Weekly Mortgage Overview: 9/30/2019

By September 30, 2019Mortgage Overview

Learn from the Past


Mortgage backed securities (MBS) lost just 1 basis point (BPS) from last Friday’s close which caused fixed mortgage rates to remain unchanged from than the prior week.

Mortgage rates moved sideways as speculation and sentiment towards a trade deal with China pressured rates higher while offsetting that was the uncertainty of a potential impeachment that pressured rates lower. These two opposing forces squeezed rates to move sideways.

Domestic Flavor

Inflation Nation: The Fed’s key measure of inflation, Core PCE YOY matched market expectations with a 1.8% reading in August. The pace was 1.7% in July. The headline PCE was 1.4% vs. estimates of 1.3%.

Income and Spending: Personal Income continues to grow, this time by 0.4% in August. Personal Spending grew by 0.1% which was below estimates of 0.3%.

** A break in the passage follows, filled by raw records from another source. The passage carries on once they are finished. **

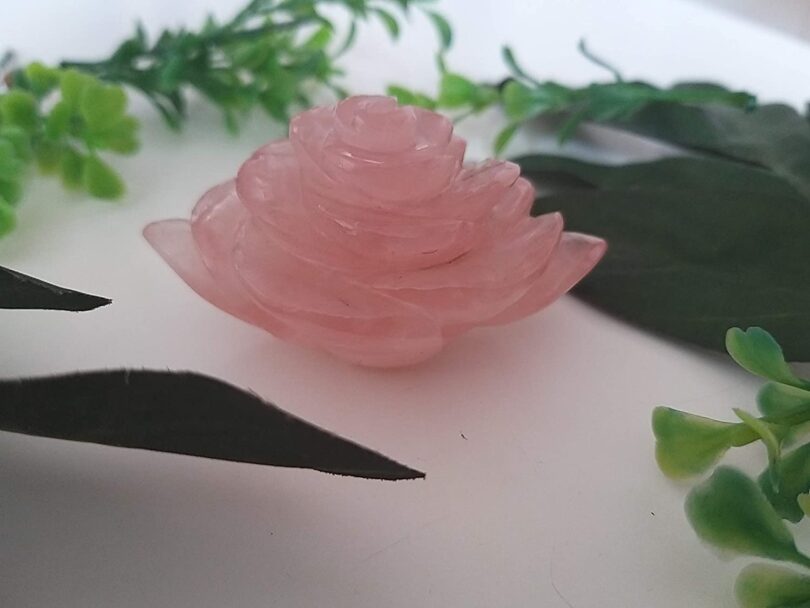 Genuine Rose Quartz Flower Carving | 50mm Rose Shaped Handmade Crystal | Decor Showpiece | Repel Negativity Crystal | Gift Crystal Carving - Image 5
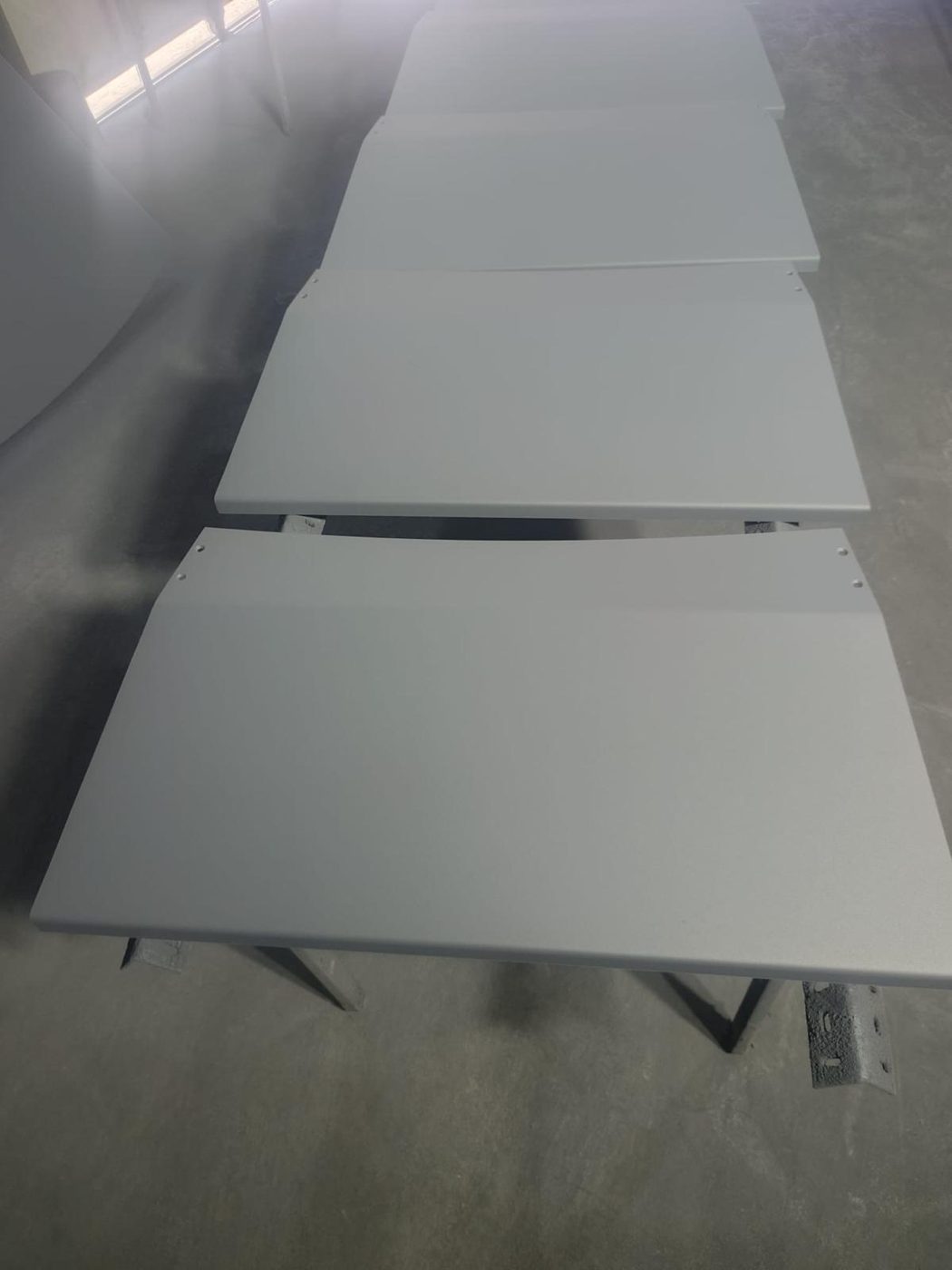 Finished platform parts lined up one by one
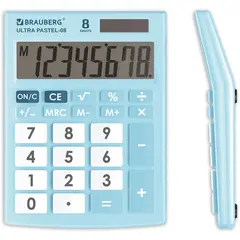 Калькулятор настольный BRAUBERG ULTRA PASTEL-08-LB, КОМПАКТНЫЙ (154x115 мм), 8 разрядов, двойное питание, ГОЛУБОЙ, 250513, фото 1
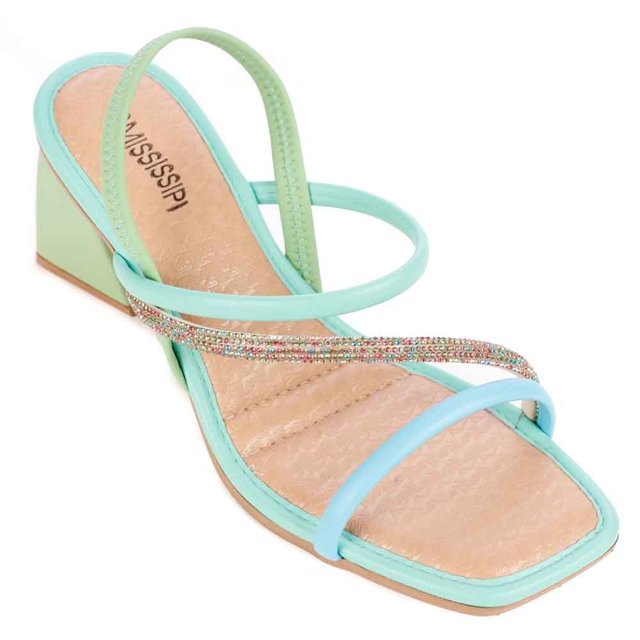Sandália Feminina Salto Grosso Mississipi Q7301 Feira de Calçados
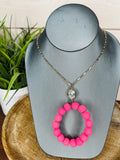 Pink oval bead necklace and gold studs women's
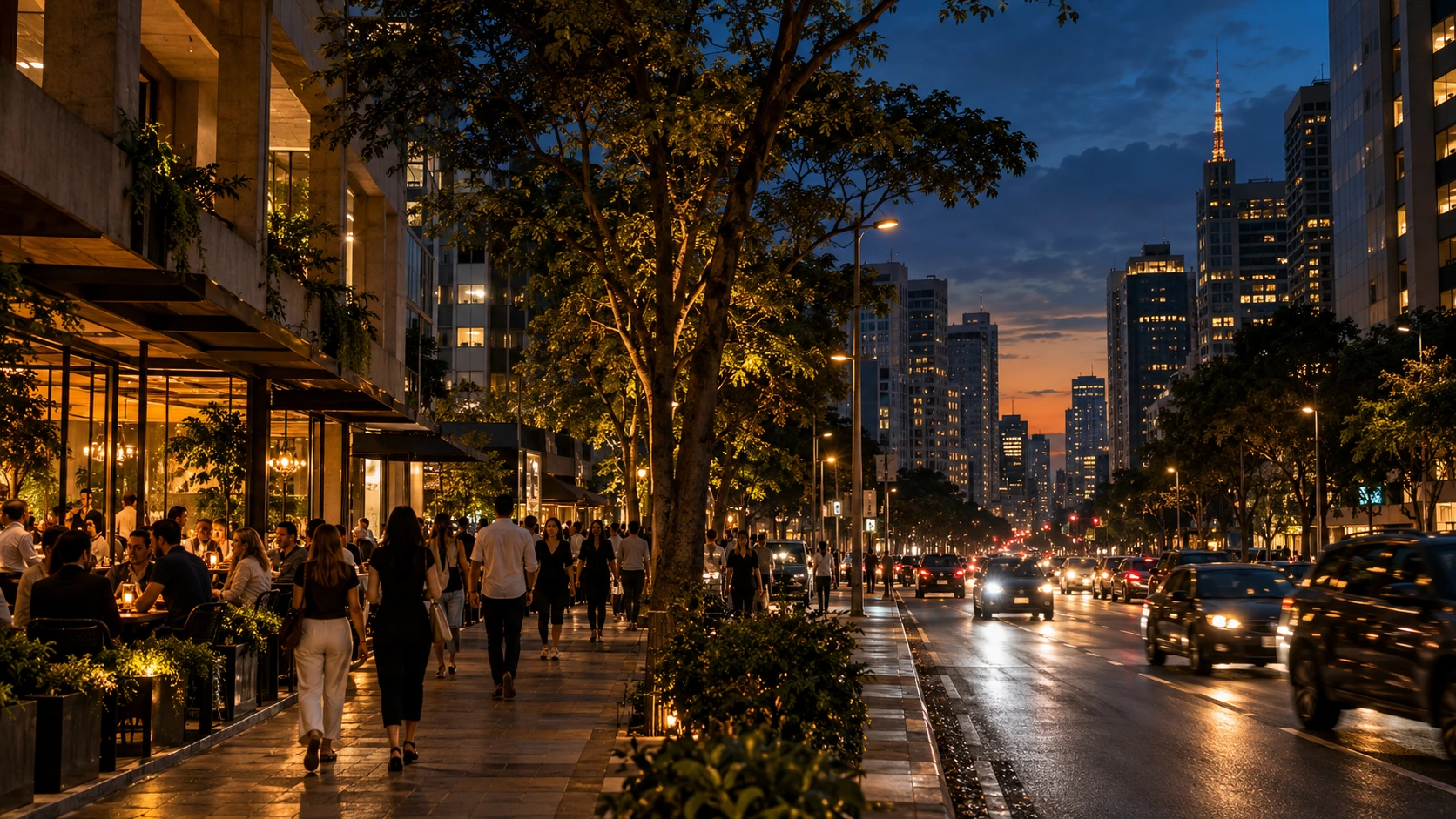 A tree-lined São Paulo avenue with modernist architecture and warm cafés at blue hour.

Durable Goods: The August Headline Durable Goods Orders was better than expected (0.2 vs. estimates of -1.2). Ex Transportation it grew at 0.5% vs. est. of 0.2%.

Consumer Sentiment: The final reading for the September UofM Consumer Sentiment Index was revised higher from 92.0 to 93.2

Taking it to the House: August Pending Home Sales MOM were much better than expected with a 1.6% vs. estimates of 0.9%. YOY they came in at +2.5% vs. estimates of -1.9% which is a huge beat. Weekly Mortgage Applications decreased by 10.1% led by a big drop of -15.0% in Refinance Applications. Purchase Applications were more level at -3.0%. New Home Sales in August shot up and beat out estimates (713K vs. estimates of only 660K).

Gross Domestic Product: The third and final release of the 2nd quarter GDP remained at 2.0% which was widely expected. The Price Index was revised higher from 2.5% to 2.6%, the markets were expecting it to be revised lower to 2.4%.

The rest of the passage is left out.